Serviceguard stops package - reboots everything

blake_15 · ‎05-18-2006

Hello,

I have a two node cluster running two packages, an Oracle package for the DB server and an application package. Node 1 is running application and node 2 runs Oracle.

A few days ago, SG seems to have attempted to stop the application package for what appears to be no reason.

Things got a bit strange at that point as SG had some issues unmounting filesystems. I can see it trying to run fuser, which is normal, but instead of unmounting, I see the following in package control log:

umount: cannot lock /etc/mnttab; still trying ...

SG then attempts to run the package on the other node (running DB server package) which worked according to the package log. At this point, node 1 cluster daemon exits and the system boots. Node 2, which has just loaded app package reboots about 2 minutes later. This reboot however is not recorded in any logs that I can see. It really looks at though someone just pulled the power as nothing was shutdown properly.

Everything started up ok.

Our app has pretty extensive logging and from what I see it was functioning fine at the time. No issues with networking either, and no hardware or power problems.

I am running HPUX 11.0, SG is 11.14. Patching and updates are at Spring 2005 release and are identical on the two servers.
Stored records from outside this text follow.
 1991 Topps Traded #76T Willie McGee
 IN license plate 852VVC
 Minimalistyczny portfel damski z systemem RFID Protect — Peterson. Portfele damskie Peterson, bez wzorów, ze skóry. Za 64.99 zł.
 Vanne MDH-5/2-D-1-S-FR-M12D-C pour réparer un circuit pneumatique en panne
HP has asked that I install a couple SG patches (PHSS_32260 and PHSS_32261).

HP tech support can't provide any explanations that work, especially with Node 2. They are of the opinion that someone manually stopped the app package, and later somehow pulled power on node 2. This is pretty much impossible, nobody was logged in at the time. HP suggested that I up the logging on SG, and install a couple SG patches (PHSS_32260 and PHSS_32261).

Anyone have similar experience where SG stops a package for no reason?

thanks,
blake

Steven E. Protter · ‎05-18-2006

Shalom,

I've heard similar stories in the past. What happened in most of them was some SG criteria like heartbeat was lost long enough to trigger a TOC of one of the nodes.
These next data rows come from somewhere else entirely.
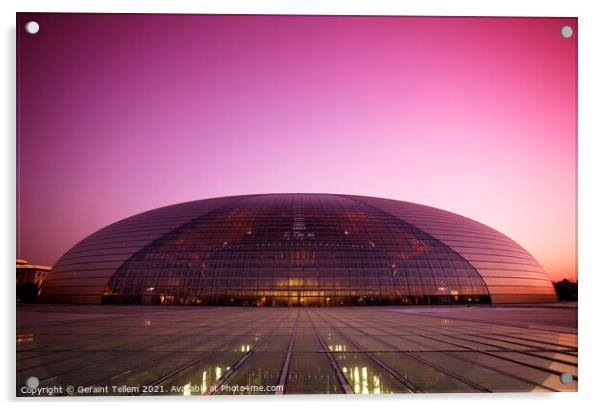 National Centre for the Performing Arts, Beijing, China Acrylic by Geraint Tellem ARPS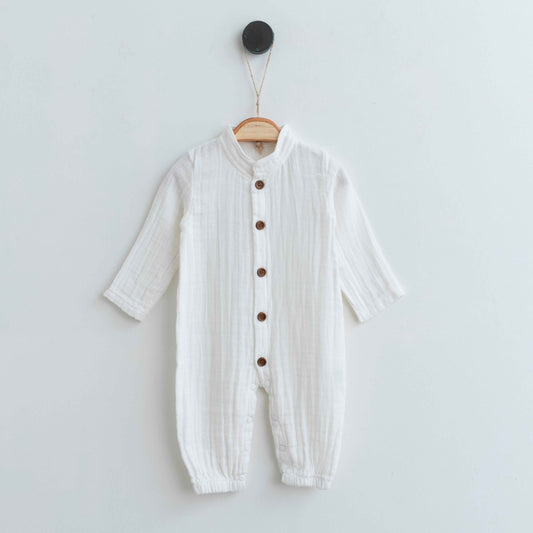 Tutina unisex cotone mussola 100% morbida e traspirante - MiniMe- color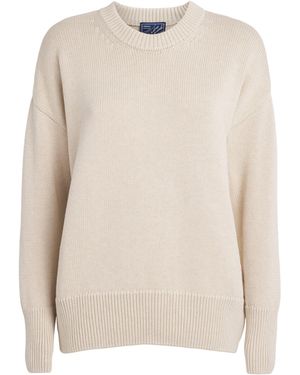 With Nothing Underneath Cotton Cornwall Sweater - White
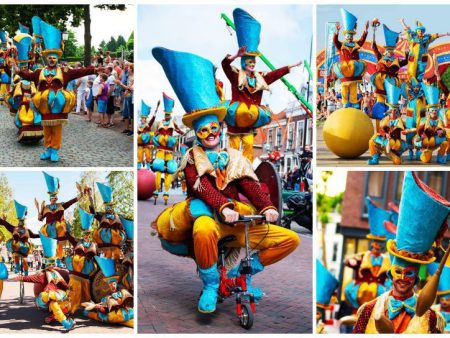 Betoverend entertainment: Circus Straat Parade brengt jongleren, steltlopen, livemuziek en meer naar uw evenement. Boek nu voor een magisch spektakel!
It went like this. SG was set up with heartbeat on the same lan as all the other servers. Gradually as more servers were added congestion increased. One day the setup become unstable.

There should be evidence on the logs to prove what happened.

If the package was manually stopped, there should be a login and keyboard log to prove or disprove it.

I'd run fsck on those filesystems soon, there may be a problem. Also a disk issue could trigger this. I'd check shared and non-shared disks.

SEP

Steven E Protter
Owner of ISN Corporation
http://isnamerica.com
http://hpuxconsulting.com
Sponsor: http://hpux.ws
Twitter: http://twitter.com/hpuxlinux
Founder http://newdatacloud.com

melvyn burnard · ‎05-18-2006

SG will not normally stop a package for "no reason"
I would investigate the package log for that package on node 1, as well as tie up the timestamps in the OLDsyslog.log file to see if there is any correlation between events in the syslog/package log.
I would strongly suspect that SG halted the package due tpo the loss of a service or something like that.

Node 1 rebooting would usually record something in the shutdownlog, even if it were a TOC. If something else were to have caused an issue, for example where cmlvmd failed, then SG can issue a reboot -q command, which of course means that the reboot is NOT logged anywhere.

Also review node2 syslog at around the time of the "failure" to see if anything were spotted by node2.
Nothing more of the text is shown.